Last week, the U.S. Department of Energy dropped $485,000 on Oregon electric vehicle (EV) projects and proliferation. Labeled "Energize Oregon", the recently funded plan has three main objectives: integrating the plethora of in-state EV efforts, develop an EV plan to explain these projects and help boost U.S.' goal to put 1 million EVs on the road by 2015.
It's unsure whether this is the much-needed kick-start that Oregon's EV programs need. Currently there are less than 1,000 passenger vehicles that are plug-in hybrid or electric in Oregon. As of May, the national EV charging station provider Ecotality had yet to begin its spring installations of 1,100 stations across the state. This leaves the $100 million federally financed project about a year behind schedule. This goes in tandem with EV car sales, specifically the Portland-premiered Nissan Leaf, coming out lower than predicted. It looks like the federal funding could help consolidate these unfinished plans into one mega-EV project.

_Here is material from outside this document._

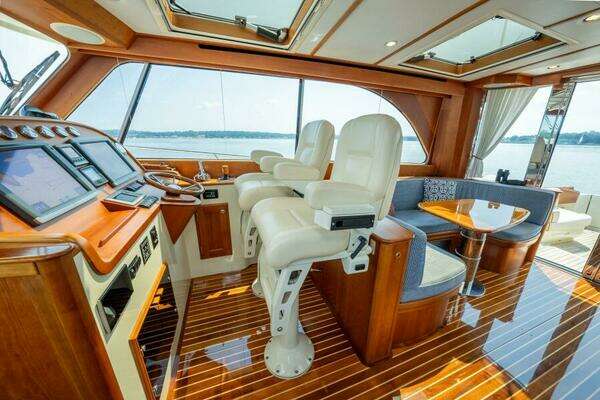 Hinckley Talaria 48 Yacht For Sale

But I'm curious whether the boost in infrastructure will really ignite drivers to switch to electric. With EV prices still in the $20,000-$40,000 range (compare the Nissan Leaf at $32,000 to a $15,250 Toyota Corolla), despite possible $9,000 in state and federal tax incentives, the green driving method remains high-end. In addition, the Oregon House of Representatives is considering a new usage fee costing drivers 1.43 cents per mile driven in their electric car. This would leave EV drivers paying about $172 a year for a car driven 12,000 miles. Noncomplying drivers get their Priuses (Prii?) and Leafs (Leaves?) taken away and auctioned off. Ouch. It seems little contradictory that drivers are rewarded through incentives to buy the electric vehicle, but are then penalized on the road.
Either way, this new allocation of federal energy funds towards Oregon's EV infrastructure could be a deal breaker for the non-EV driver.